**Exercise instructions**. Where the line with "Globe provides typhoon-hit" appears below, start writing out lines exactly, and finish with the line with "Villa HELENA", which is included; write out nothing else.

**Records provided**.
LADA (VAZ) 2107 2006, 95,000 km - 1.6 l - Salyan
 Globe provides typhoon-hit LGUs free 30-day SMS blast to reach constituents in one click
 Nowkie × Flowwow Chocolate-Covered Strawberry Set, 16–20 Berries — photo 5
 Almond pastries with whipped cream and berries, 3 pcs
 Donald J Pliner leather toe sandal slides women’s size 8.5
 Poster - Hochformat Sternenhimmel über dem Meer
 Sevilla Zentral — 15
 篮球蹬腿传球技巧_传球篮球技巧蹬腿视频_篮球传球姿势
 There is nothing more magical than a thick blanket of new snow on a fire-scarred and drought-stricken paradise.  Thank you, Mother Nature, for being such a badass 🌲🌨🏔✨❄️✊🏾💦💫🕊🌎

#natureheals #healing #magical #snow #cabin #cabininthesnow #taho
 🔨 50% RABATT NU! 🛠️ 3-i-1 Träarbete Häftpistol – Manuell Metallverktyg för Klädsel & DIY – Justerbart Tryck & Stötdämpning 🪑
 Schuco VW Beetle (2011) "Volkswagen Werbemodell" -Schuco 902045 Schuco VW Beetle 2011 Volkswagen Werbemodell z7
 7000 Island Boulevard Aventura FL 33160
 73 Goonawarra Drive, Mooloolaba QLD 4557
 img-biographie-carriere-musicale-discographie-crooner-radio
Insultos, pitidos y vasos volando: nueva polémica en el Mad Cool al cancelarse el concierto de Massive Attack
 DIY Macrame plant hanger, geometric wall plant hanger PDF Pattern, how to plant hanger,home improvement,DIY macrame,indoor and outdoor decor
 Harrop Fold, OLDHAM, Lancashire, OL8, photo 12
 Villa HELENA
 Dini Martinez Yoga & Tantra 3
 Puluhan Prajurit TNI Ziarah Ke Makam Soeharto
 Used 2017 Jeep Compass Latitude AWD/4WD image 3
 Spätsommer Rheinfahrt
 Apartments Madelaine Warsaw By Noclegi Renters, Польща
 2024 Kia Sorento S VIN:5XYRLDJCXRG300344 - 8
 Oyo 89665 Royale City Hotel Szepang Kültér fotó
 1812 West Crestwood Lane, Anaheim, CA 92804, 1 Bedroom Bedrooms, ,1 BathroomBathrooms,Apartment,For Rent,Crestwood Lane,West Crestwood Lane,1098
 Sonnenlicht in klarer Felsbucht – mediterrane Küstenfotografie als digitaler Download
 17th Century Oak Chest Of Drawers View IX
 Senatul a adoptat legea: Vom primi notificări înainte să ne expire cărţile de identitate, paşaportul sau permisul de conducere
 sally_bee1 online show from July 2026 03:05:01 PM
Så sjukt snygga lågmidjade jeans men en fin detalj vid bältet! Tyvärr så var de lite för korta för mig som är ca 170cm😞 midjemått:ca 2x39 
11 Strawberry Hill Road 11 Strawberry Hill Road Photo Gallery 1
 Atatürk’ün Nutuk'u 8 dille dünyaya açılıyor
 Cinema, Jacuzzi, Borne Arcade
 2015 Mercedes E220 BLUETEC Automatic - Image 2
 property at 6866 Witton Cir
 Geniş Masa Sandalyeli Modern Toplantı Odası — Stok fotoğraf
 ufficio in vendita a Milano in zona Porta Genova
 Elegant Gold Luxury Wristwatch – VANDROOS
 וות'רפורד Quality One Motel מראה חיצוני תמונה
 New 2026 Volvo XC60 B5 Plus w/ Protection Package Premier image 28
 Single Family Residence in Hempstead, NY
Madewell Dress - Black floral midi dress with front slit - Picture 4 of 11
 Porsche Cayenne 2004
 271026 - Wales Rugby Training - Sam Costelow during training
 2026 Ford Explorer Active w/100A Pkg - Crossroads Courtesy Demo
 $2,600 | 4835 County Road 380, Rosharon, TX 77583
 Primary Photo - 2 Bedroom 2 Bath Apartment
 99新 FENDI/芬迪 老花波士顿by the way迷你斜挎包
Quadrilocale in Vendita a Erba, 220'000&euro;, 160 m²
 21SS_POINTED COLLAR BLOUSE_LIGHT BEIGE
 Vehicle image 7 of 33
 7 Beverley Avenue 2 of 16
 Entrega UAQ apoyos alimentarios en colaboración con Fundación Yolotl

**Solved exercise**.
 Globe provides typhoon-hit LGUs free 30-day SMS blast to reach constituents in one click
 Nowkie × Flowwow Chocolate-Covered Strawberry Set, 16–20 Berries — photo 5
 Almond pastries with whipped cream and berries, 3 pcs
 Donald J Pliner leather toe sandal slides women’s size 8.5
 Poster - Hochformat Sternenhimmel über dem Meer
 Sevilla Zentral — 15
 篮球蹬腿传球技巧_传球篮球技巧蹬腿视频_篮球传球姿势
 There is nothing more magical than a thick blanket of new snow on a fire-scarred and drought-stricken paradise.  Thank you, Mother Nature, for being such a badass 🌲🌨🏔✨❄️✊🏾💦💫🕊🌎

#natureheals #healing #magical #snow #cabin #cabininthesnow #taho
 🔨 50% RABATT NU! 🛠️ 3-i-1 Träarbete Häftpistol – Manuell Metallverktyg för Klädsel & DIY – Justerbart Tryck & Stötdämpning 🪑
 Schuco VW Beetle (2011) "Volkswagen Werbemodell" -Schuco 902045 Schuco VW Beetle 2011 Volkswagen Werbemodell z7
 7000 Island Boulevard Aventura FL 33160
 73 Goonawarra Drive, Mooloolaba QLD 4557
 img-biographie-carriere-musicale-discographie-crooner-radio
Insultos, pitidos y vasos volando: nueva polémica en el Mad Cool al cancelarse el concierto de Massive Attack
 DIY Macrame plant hanger, geometric wall plant hanger PDF Pattern, how to plant hanger,home improvement,DIY macrame,indoor and outdoor decor
 Harrop Fold, OLDHAM, Lancashire, OL8, photo 12
 Villa HELENA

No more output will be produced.